Time Team Teams up With Detectorist

         Detectorists' holes getting bigger and bigger     
Roseanne Edwards, 'Time Team returns to our screens to excavate Roman Villa discovered in Banburyshire fields near Broughton Castle' Banbury Gazette, 16th March 2021.
The announcement that the cult TV programme will return to our screens with a Banburyshire dig that is expected last for years has thrilled the Fiennes family at Broughton Castle and the detectorist and amateur archeologist, Keith Westcott, who discovered the villa two years ago [...] . At 85m x 85m it is the second largest Roman villa in the country and only slightly smaller than Buckingham Palace. It would have been one of the grandest villas in Roman Britain.
[It is quite considerably smaller than Buckingham Palace].


Unknown said...

The usual media spin... the facts are that at 85m to the front elevation of Buckingham Palace at 108m, this villa is 80% or 4/5ths the size of that dimension. Obviously the Palace is much deeper at 120m. The reference to Buckingham Palace is from my use to give scale on the magnetometry image, when I'm giving talks on the subject.
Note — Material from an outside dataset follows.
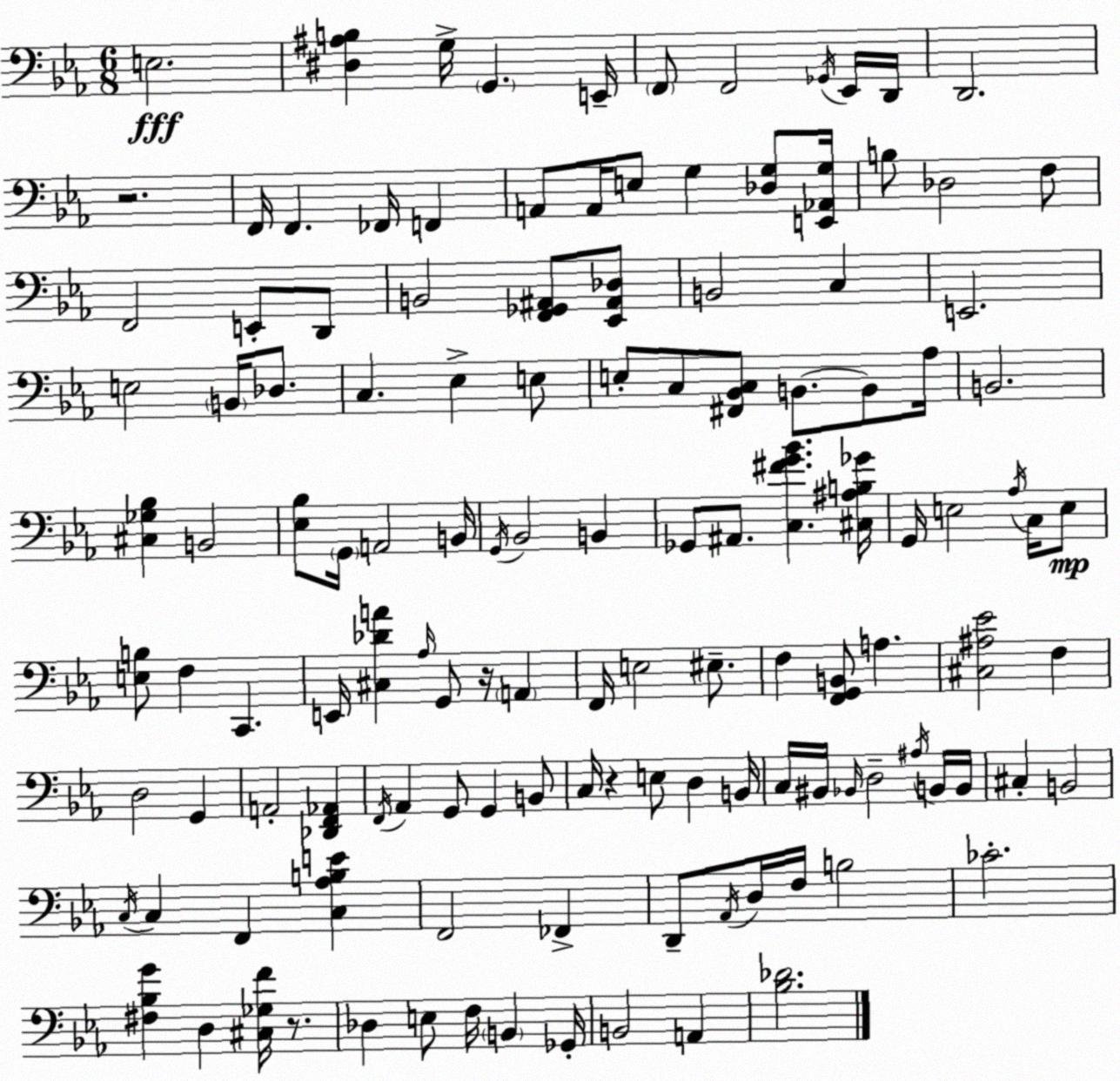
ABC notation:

No idea where the 2nd largest villa is from although, it appears to have rooms on all four wings which from an internal footprint, equates to a very large building.
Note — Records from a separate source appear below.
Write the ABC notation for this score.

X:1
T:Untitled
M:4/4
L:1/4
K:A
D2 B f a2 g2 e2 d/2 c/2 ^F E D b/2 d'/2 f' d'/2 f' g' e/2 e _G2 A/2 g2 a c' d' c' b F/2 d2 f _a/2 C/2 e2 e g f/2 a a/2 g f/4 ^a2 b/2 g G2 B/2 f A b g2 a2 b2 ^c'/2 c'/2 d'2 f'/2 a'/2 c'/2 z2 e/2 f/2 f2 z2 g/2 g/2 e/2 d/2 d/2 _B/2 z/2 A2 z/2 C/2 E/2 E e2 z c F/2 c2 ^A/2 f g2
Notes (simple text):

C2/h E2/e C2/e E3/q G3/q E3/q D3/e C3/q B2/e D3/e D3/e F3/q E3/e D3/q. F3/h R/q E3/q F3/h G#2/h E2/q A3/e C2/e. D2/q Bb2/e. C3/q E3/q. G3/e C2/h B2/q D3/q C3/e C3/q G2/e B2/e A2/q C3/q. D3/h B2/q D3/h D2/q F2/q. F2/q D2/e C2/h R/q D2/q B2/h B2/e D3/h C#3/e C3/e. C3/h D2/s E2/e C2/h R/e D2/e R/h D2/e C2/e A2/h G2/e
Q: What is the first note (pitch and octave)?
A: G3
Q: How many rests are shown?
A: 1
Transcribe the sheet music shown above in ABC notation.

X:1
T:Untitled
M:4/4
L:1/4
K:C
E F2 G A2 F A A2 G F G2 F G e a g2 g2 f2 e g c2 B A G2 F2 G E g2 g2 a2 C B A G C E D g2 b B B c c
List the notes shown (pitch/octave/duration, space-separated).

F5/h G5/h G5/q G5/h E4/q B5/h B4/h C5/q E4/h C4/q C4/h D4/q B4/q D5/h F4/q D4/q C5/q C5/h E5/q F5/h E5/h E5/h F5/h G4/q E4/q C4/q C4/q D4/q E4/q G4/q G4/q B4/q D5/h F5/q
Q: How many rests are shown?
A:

My theory was that the residence was in this vicinity and I went out searching on foot using looking for clues in the landscape. I discovered the villa within 20 minutes of my search and only used a metal detector for the first time on the site on my third visit, when looking for dating evidence.
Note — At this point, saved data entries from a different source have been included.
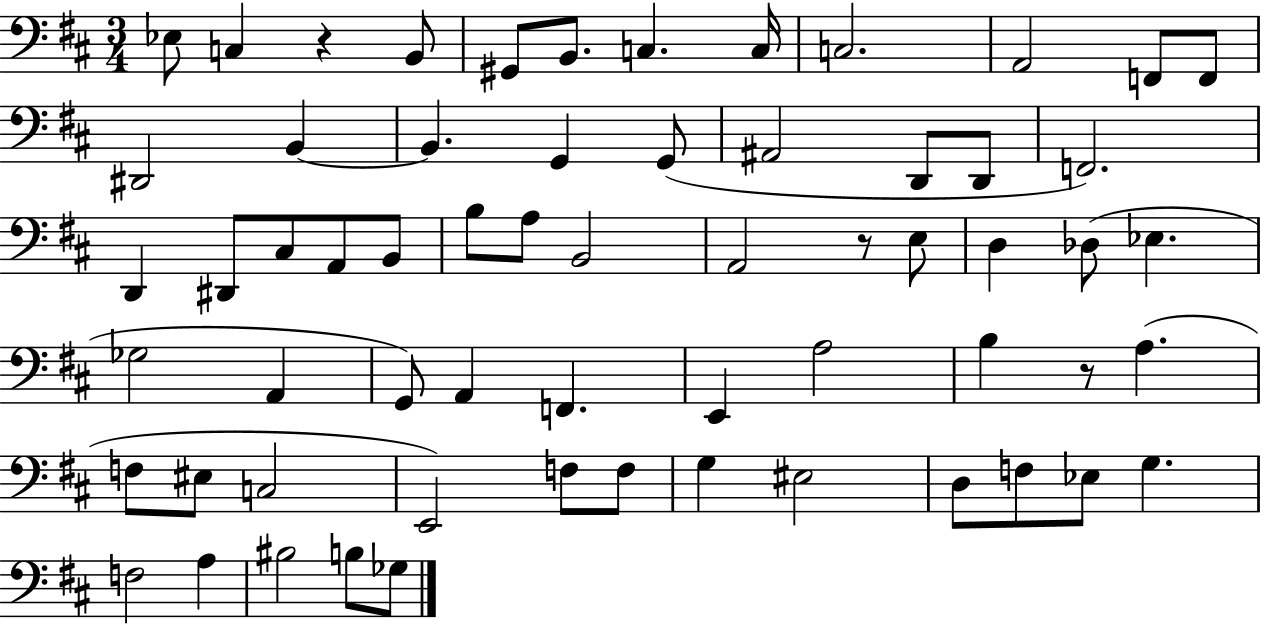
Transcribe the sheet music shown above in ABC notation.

X:1
T:Untitled
M:3/4
L:1/4
K:D
_E,/2 C, z B,,/2 ^G,,/2 B,,/2 C, C,/4 C,2 A,,2 F,,/2 F,,/2 ^D,,2 B,, B,, G,, G,,/2 ^A,,2 D,,/2 D,,/2 F,,2 D,, ^D,,/2 ^C,/2 A,,/2 B,,/2 B,/2 A,/2 B,,2 A,,2 z/2 E,/2 D, _D,/2 _E, _G,2 A,, G,,/2 A,, F,, E,, A,2 B, z/2 A, F,/2 ^E,/2 C,2 E,,2 F,/2 F,/2 G, ^E,2 D,/2 F,/2 _E,/2 G, F,2 A, ^B,2 B,/2 _G,/2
The spatial and dating plotting of coins, demonstrates that that finds in the plough soil horizon were still relative to the archaeology below, in fact, the spatial image of finds alone would have lead to the possibility of a court yard villa on the site. Alongside the geophysical survey, it has proved to have provided important information.

Keith Westcott

Paul Barford said...

Buckingham Palace is 124m E-W (omitting the conservatory) but the southwest range (with the state rooms and gallery) is 165m long (and 45m wide). http://housesofstate.blogspot.com/2013/04/some-floor-plans-of-buckingham-palace.html

So, 85m x 85m is not "four fifths" is it?

"second biggest" probably does not have to be anything more complex than a journalist coming across something like this: https://simple.wikipedia.org/wiki/Fishbourne_Roman_Palace

I do not think simply shrugging shoulders and saying "media spin" is really the way we should be informing the British public about the past. We should eschew easy sensationalism and try to stick to presenting the facts that our work reveals. That phrase has been in constant use since 2018 in writing about this site.

As for the distribution of the finds, try telling that to all the supporters of collection-driven exploitation of the archaeological record that claim with one voice that it's OK "because the artefacts are mostly in the ploughsoil".

Unknown said...

I was making exactly the opposite point re plough-soil, that spatial position is all important, contrary to what others say that they are decontextualised.


Buckingham Palace has 775 rooms. These include 19 State rooms, 52 Royal and guest bedrooms, 188 staff bedrooms, 92 offices and 78 bathrooms. In measurements, the building is 108 metres long across the front, 120 metres deep (including the central quadrangle) and 24 metres high.

Brian Mattick said...

The linkage of Mr Westcott's name with the programme has evinced huge alarm amongst detectorists who regard him as an enemy as rules that aren't recommended by the NCMD are seen as an unwelcome threat. I wonder if he is able to comment?